C’était pourtant à sa face même une position intenable qui, au fil des mois, faisait de plus en plus murmurer. Pas matière à scandale, mais une question de crédibilité, comme un éthicien l’avait résumé en mars au Devoir. Quelques jours plus tard, Me Lussier se départait enfin de ce gênant double chapeau.
Aujourd’hui, avec les révélations de La Presse, on s’interroge à nouveau. Était-ce en raison de ses liens professionnels qu’en entrevue au Devoir, fin décembre, Me Lussier limitait autant le mandat de la commission Charbonneau ? Pas de compteurs d’eau, pas de port de Montréal, pas toutes les municipalités… Le Plan Nord s’ajoute-t-il à une telle liste ?
Le Québec est petit, il est normal que les mêmes figures reviennent dans différents dossiers.

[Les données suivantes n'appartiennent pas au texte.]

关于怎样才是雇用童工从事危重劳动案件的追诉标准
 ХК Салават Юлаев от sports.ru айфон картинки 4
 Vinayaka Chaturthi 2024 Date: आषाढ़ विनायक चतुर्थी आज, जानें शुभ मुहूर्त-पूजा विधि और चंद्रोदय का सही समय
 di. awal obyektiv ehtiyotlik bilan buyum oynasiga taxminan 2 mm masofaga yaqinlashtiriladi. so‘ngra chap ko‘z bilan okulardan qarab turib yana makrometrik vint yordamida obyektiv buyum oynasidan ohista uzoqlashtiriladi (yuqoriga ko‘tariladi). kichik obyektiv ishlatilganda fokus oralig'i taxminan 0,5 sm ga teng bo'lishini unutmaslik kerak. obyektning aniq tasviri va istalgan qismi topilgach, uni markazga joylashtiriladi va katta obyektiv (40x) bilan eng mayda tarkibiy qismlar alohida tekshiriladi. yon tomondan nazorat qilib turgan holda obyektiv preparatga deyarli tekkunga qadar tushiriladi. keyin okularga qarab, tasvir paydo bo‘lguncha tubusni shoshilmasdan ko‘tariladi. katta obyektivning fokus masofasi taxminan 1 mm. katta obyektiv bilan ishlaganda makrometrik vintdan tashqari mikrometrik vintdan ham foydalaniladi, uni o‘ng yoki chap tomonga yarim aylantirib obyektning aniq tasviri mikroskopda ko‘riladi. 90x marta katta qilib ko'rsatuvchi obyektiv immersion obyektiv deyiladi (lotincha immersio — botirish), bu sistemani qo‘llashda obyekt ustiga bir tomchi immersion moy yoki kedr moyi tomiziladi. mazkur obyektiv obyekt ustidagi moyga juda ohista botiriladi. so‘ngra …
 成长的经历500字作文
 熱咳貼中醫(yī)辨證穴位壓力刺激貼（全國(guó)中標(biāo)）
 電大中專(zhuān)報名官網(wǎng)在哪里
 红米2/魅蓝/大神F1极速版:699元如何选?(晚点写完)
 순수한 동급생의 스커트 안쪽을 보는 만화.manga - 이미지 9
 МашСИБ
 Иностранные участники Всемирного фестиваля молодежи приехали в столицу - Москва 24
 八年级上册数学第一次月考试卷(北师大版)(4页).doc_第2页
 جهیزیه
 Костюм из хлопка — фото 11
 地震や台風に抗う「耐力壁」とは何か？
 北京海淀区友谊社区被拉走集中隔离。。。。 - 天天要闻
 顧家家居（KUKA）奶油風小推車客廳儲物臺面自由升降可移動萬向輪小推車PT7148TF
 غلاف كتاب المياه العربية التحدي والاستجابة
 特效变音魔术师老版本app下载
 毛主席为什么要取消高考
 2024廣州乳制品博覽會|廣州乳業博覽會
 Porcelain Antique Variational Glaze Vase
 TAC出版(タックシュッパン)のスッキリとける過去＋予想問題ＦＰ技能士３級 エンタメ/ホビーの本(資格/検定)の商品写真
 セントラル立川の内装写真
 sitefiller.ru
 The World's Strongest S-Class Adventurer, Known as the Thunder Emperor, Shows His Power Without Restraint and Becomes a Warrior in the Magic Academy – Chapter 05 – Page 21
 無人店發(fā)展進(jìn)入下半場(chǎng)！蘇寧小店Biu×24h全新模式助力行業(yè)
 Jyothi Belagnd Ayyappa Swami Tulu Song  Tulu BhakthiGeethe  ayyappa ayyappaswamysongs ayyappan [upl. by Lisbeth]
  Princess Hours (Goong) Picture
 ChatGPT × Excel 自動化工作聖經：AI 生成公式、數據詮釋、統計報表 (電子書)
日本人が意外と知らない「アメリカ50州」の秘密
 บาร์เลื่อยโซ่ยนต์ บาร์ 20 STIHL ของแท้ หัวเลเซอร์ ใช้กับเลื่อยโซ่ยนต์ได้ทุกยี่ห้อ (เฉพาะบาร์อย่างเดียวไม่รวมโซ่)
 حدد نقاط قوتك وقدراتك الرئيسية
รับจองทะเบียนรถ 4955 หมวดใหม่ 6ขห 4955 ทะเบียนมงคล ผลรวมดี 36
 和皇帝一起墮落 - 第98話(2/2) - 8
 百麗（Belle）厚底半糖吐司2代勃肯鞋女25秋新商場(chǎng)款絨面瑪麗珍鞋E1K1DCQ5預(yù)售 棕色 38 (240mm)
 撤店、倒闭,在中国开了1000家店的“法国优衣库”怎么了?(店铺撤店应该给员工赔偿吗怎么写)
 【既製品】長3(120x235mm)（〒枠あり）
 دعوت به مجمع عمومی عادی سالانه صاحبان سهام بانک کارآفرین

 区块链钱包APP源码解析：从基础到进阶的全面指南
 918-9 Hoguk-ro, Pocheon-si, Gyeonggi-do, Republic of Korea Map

Mais ça ne peut pas toujours servir d’excuses, surtout pour une commission qui n’a pas le droit à l’erreur. Ici, les apparences ne sont plus sauves. La commissaire France Charbonneau aurait pu s’en rendre compte avant que les médias ne le fassent. Une conversation sérieuse s’impose avec son procureur en chef et une mise au point publique s’ajoute pour nous convaincre que la confiance peut demeurer.